MYA590, is a Leyland Comet ECPO2/1R with a 29 seat body, built for Scarlet Pimpernel Coaches  in July 1950. The Comet was essentially an export truck chassis, and only very few became coaches. Unlike the other coaches featured here, the Comet has a separate bonnet with the engine ahead of the main body. This coach appeared in the BBC TV adaptation of the Agatha Christie ‘Miss Marple’ novel Nemesis, starring Joan Hickson, dating from 1987. The coach appears in the cream/blue livery with ‘Historic Homes & Gardens’ fleet name seen in the first photo, taken in August 1986.  It has subsequently been restored in Scarlet Pimpernel livery in which it is seen at the London Bus Museum’s Spring Gathering show in April 2016.

MYA590 in the BBC TV adaptation of the Agatha Christie ‘Miss Marple’ novel Nemesis

HVJ583 Leyland Tiger PS2/3 with 35 seat body joined  Wye Valley Coaches, owned by WE Morgan,  in May 1951. It  remained in service with Wye Valley until February 1972, when it was saved for preservation. It is seen here at the first  Harrington Gathering at the Chalk Pits Museum in June 1986, and was also captured at the second Harrington Gathering in June 1991.
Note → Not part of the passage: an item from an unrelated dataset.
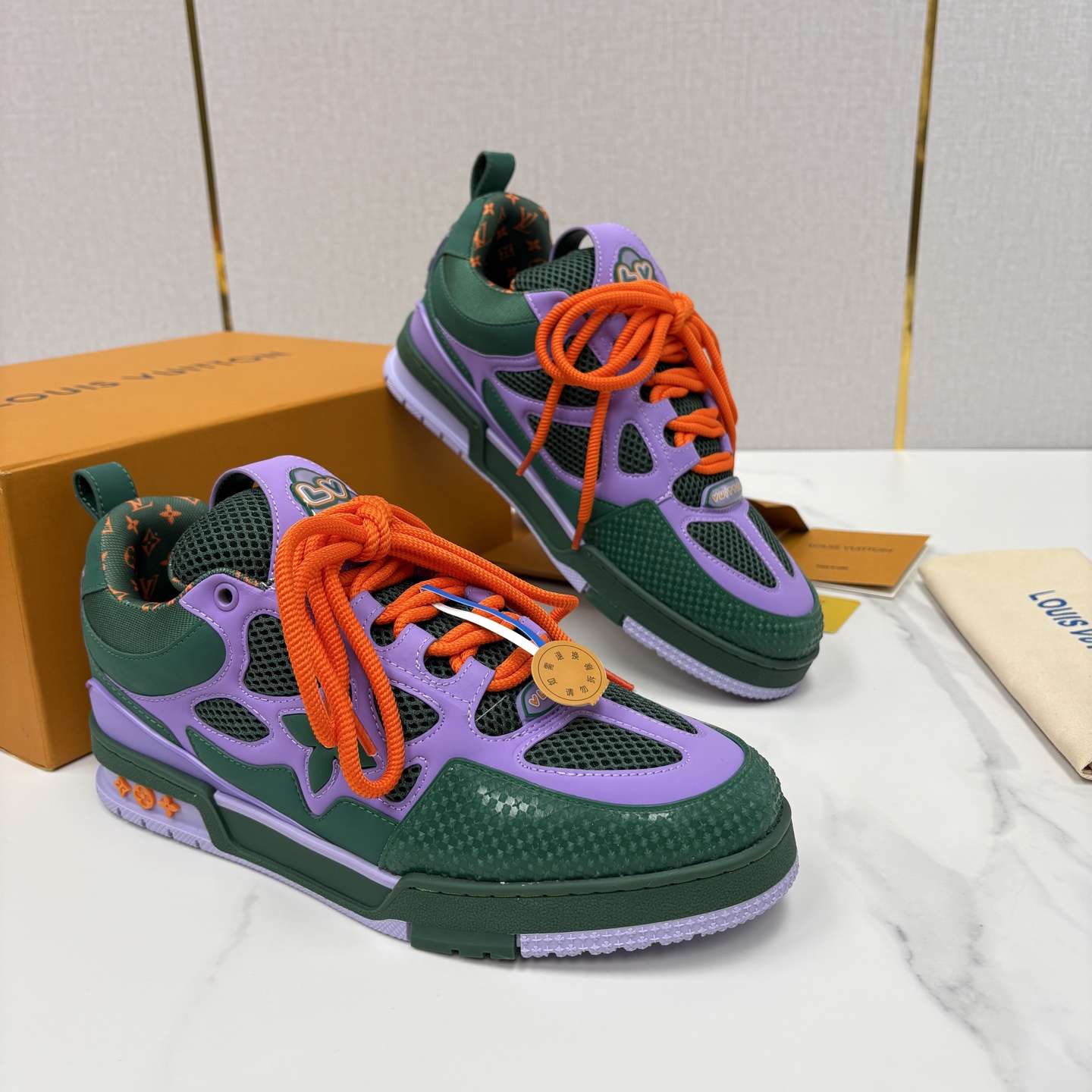 💋💍L家新品 SKATE 复古情侣款运动鞋面包鞋 官方 11,100 本款 L*V Skate 运动鞋以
DKT16 is shown here as a comparison to the standard coach built by Harrington. DKT16 is a Leyland Tiger TS7 32 seat coach, with body by Harrington in 1937. It was operated by Maidstone & District from new until 1968. It is a  typical 1930s  luxury coach with full length roof luggage rack/rowing scull carrier. Note the rear window arrangement without the dorsal fin. It is seen here at the HCVS London to Brighton Run in May 1981.


Web site:

A web site devoted to the products of Thomas Harrington.


BBC TV adaptation of Agatha Christie’s  Miss Marple novel Nemesis starring Joan Hickson, filmed in 1987. Featuring Leyland Comet MYA590.

Band of Thieves, (1962) starring Acker Bilk & his Paramount Jazz Band, with cinematography by Nicholas Roeg. Features a 1950 Leyland Tiger with Harrington dorsal fin body LUW61. After their release, a band of convicts goes on tour as a cover for a string of robberies. Has a great soundtrack of Trad Jazz music.


B1001 Fleet List of Thomas Harrington, PSV Circle, May 2012. ISBN 978-1-908953-04-9. Detailed history of the company, plus lists of vehicles produced. Illustrated.

The British Bus Scene in the 1930s,  David Kaye; Ian Allan 1981. ISBN  0 7110 1137 0. Although this book consists predominantly of photographs of buses, there are also some great street scenes.

Add in a snap from this site

3 thoughts on “Dorsal – An introduction to Thomas Harrington Ltd’s streamline coaches of 1930s.

  1. I was delighted to read this article and the link to the Harringtons website as my dad worked at the factory in Hove from his apprenticeship at 15 in 1947 till its closure in 1965/6. What a small world that my joining the Art Deco Soc would bring me back to my dad. 😊

    Liked by 1 person

    1. Thanks for your comment Karen, what a small world indeed! I’ll pass your message on to Paul. 🙂


  2. I was wondering if it’s possible to see the black bus in the tv series Foyle’s war episode all clear. Love these old buses so much caricature.